As the “Hub of the North” Thompson serves a regional population
of 55,000. The city’s airport is the second busiest in the province
and more than 40 remote communities—mostly First Nations and
Northern Affairs settlements—rely on Thompson for essential
services and commerce.
It’s the “machete kids” that worry Donnel Jonsson most. The property manager for Ashberry Place, a low-income apartment complex in Thompson, Man., has dealt with assaults, fires and even murder over the years. However, recent youth crime has him feeling unsafe, particularly along the city’s Spirit Way trail.
“Kids are going around and assaulting individuals walking the path, no reason why, they just come up to them and basically stab them or cut them across the face,” he says, pointing to a wooded section of trail below a 10-storey-high wolf mural.
This May, the city’s RCMP detachment indeed found itself investigating a stabbing spree that left five injured.
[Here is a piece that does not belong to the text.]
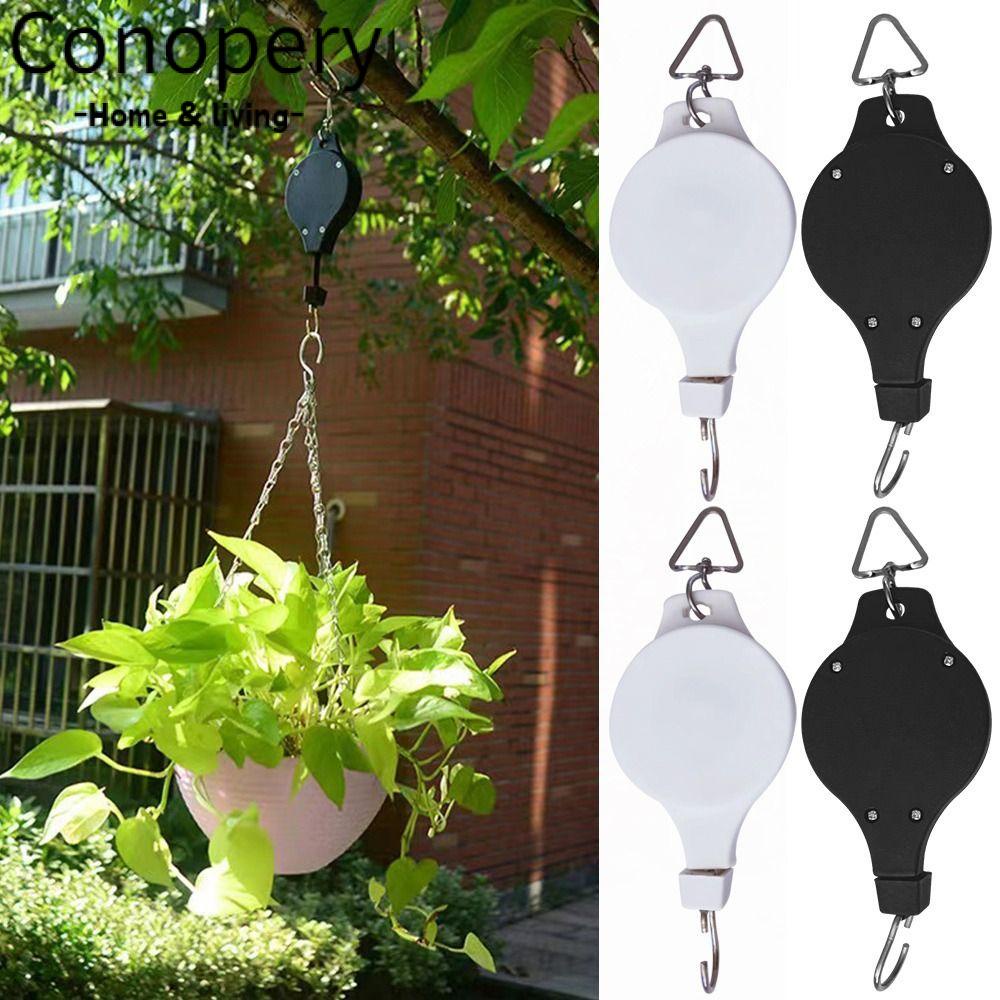 CONOPERY Giỏ Trồng Cây Có Móc Treo Có Thể Điều Chỉnh Tiện Dụng Cho Sân Vườn / Trong Nhà / Ngoà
In March, a machete-wielding home invader hacked a dog to death and in June, Thompson saw two stabbings and a machete attack in three days. August then saw a 30-year-old woman stabbed in the face and chest outside a downtown business. Some of those arrested were as young as 12 and many speculate the attacks were gang initiations.
For three years running, Thompson has held the unenviable position of Canada’s most violent city in Maclean’s ranking of the country’s most dangerous places. The finding is based on data from Statistics Canada’s crime severity index, which examines police data from all Canadian cities with a population over 10,000.
Thompson didn’t have the worst crime problem, in general—North Battleford, Sask. had the country’s highest overall index number. But the prevalence of violent offences like sex assaults and firearms offences in the Manitoba city, along with a rise in impaired driving and some drug crimes, pushed Thompson to No. 2 on that list, as well.